*** MATERIALS PROVIDED ***
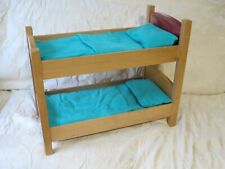 Doll bunk bed for sale  Voorheesville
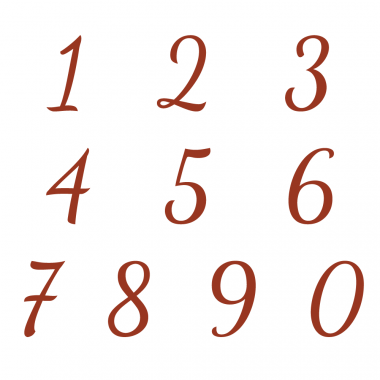 Hrnček - Nádych ružovej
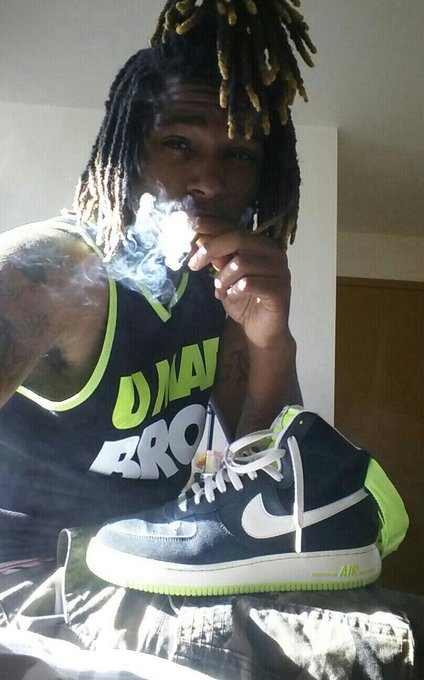 FOREIGN LIFE http://t.co/9l4XvJswgB<a href="/tag/london"class="tags"><span>#london</span></a><a href="/tag/atl"class="tags"><span>#atl</span></a><a href="/tag/dubai"class="tags"><span>#dubai</span></a><a href="/tag/uk"class="tags"><span>#uk</span></a><a href="/tag/canada"class="tags"><span>#canada</span></a><a href="/tag/fmg"class="tags"><span>#fmg</span></a><a href="/tag/mymixtapez"class="tags"><span>#mymixtapez</span></a>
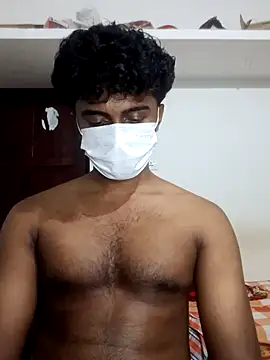 Snapshot of 17cm_mallu__playboy chatting on 11, 9, 2025 17cm mallu  playboy online show from 11, 9, 2025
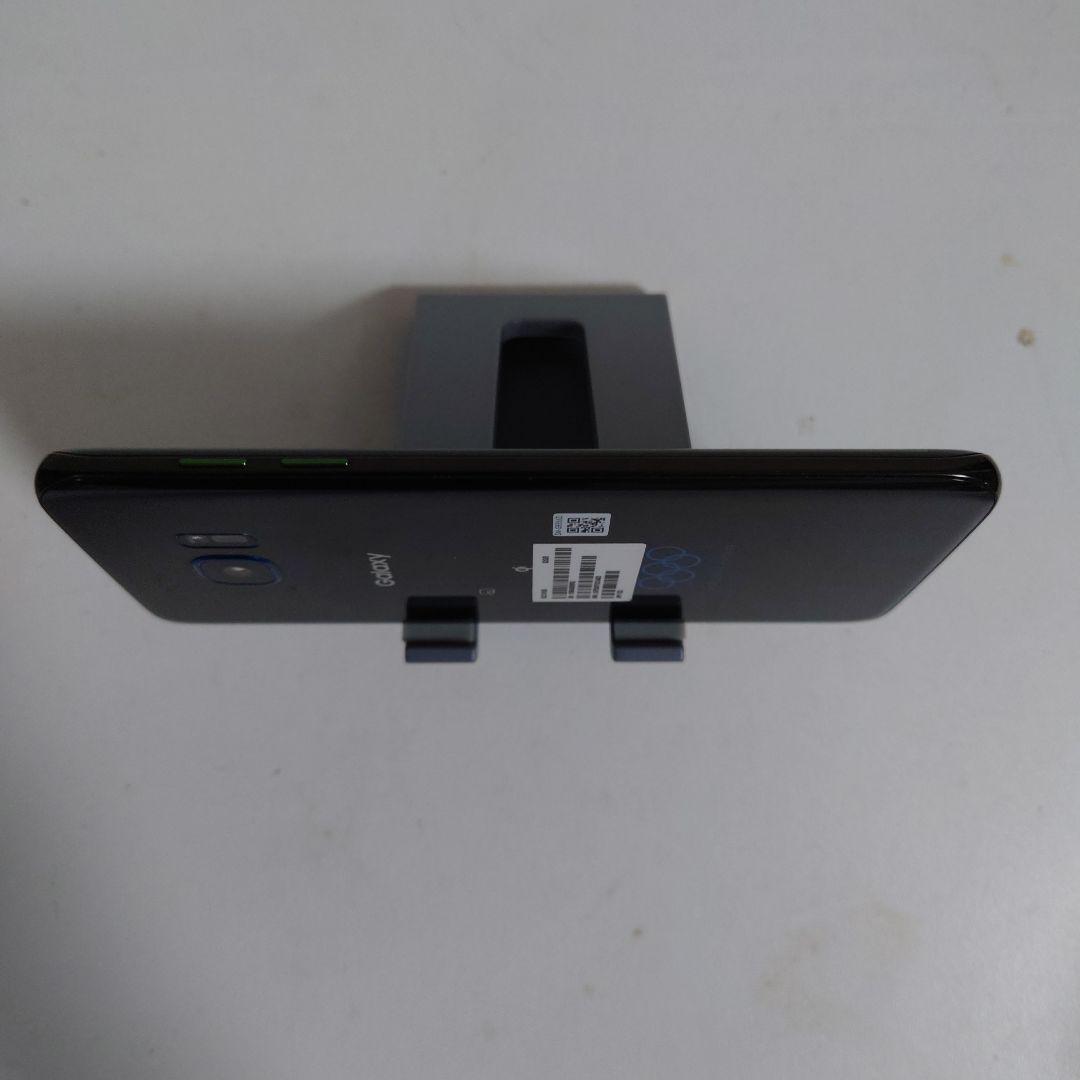 激レア！Galaxy S7 edge Olympic Games Edition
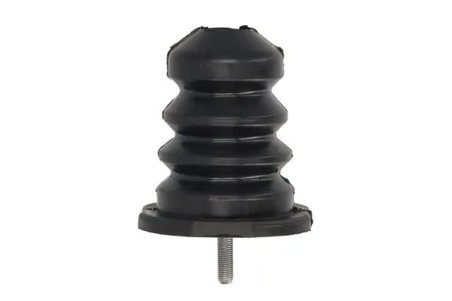 Tampon cauciuc suspensie Magnum Technology A8Y001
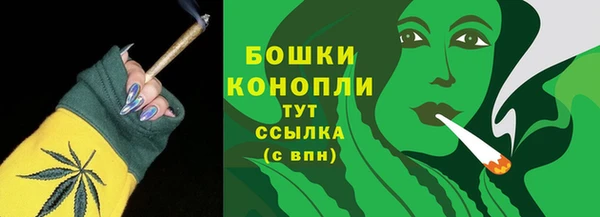 героин Богданович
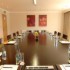 Parkview Hotel photo 10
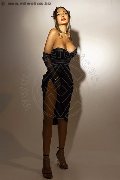 Foto Melinda Lux Annunci Trans Brescia 3889833530 - 45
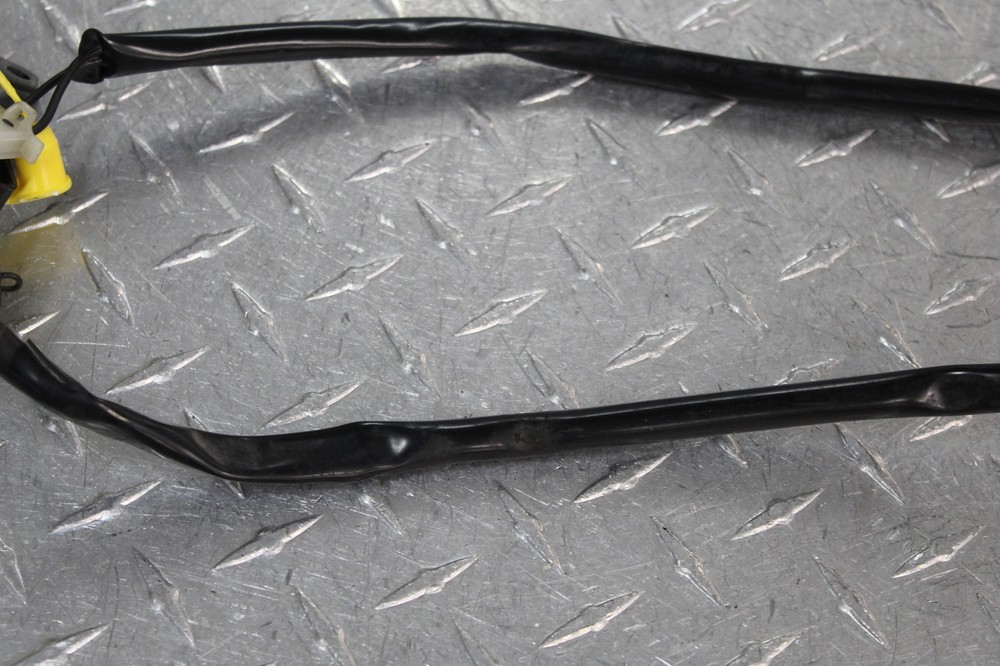 2000 HONDA CBR900RR REAR BACK BRAKE SENSOR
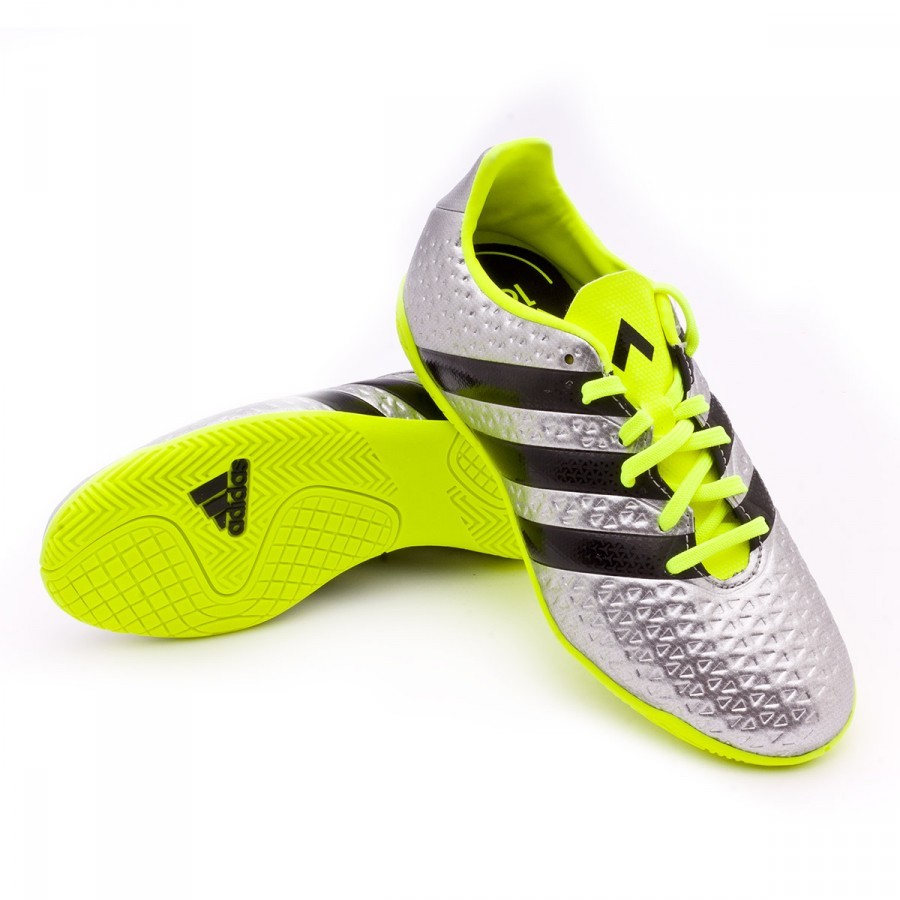 adidas ace 16.4 futbol sala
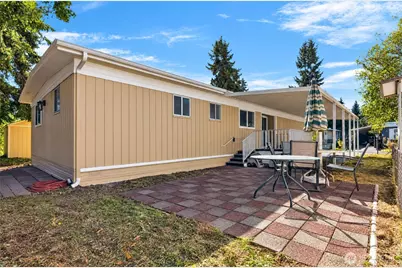 5220 SW 176th Street #18, Lynnwood, WA 98037 - Photo 8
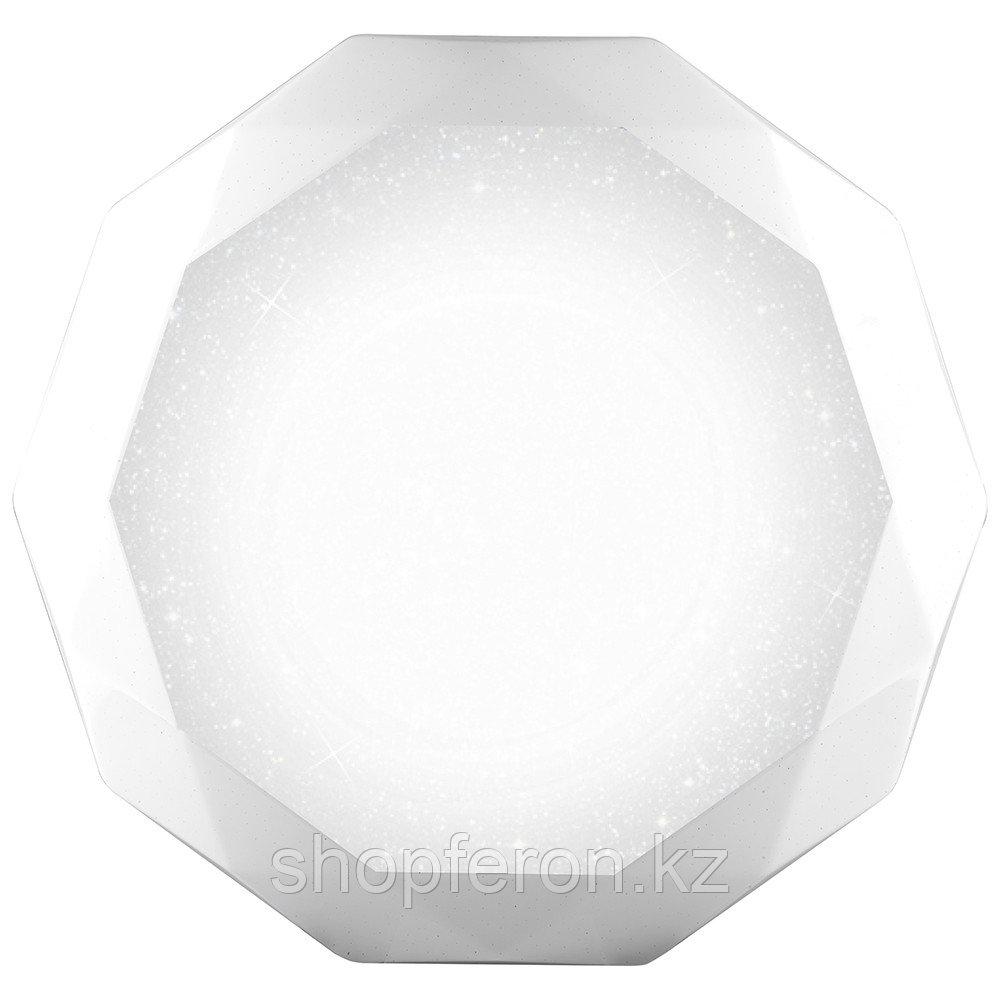 Светильник накладной светодиодный FERON AL5201 - фото 1 - id-p86746956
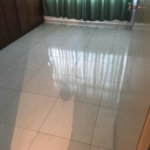 Apartamento à venda com 1 quarto em Brás, São Paulo, SP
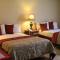 Hotel Ipsan Nah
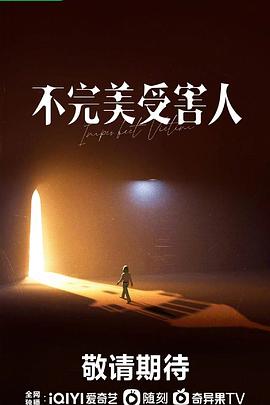 石将军石勇 封面图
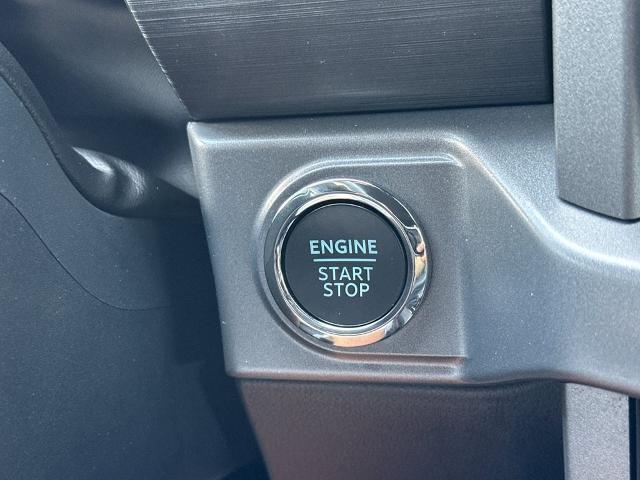 2026 Ford F-150 - $62,905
*** End of MATERIALS PROVIDED ***
EXERCISE REQUIREMENTS — Nothing should appear in the answer except the lines from the one containing "adidas ace 16.4 futbol sala" through the last line of the listing, given again exactly and with no pictures.

ANSWER —
 adidas ace 16.4 futbol sala
 5220 SW 176th Street #18, Lynnwood, WA 98037 - Photo 8
 Светильник накладной светодиодный FERON AL5201 - фото 1 - id-p86746956
 Apartamento à venda com 1 quarto em Brás, São Paulo, SP
 Hotel Ipsan Nah
 石将军石勇 封面图
 2026 Ford F-150 - $62,905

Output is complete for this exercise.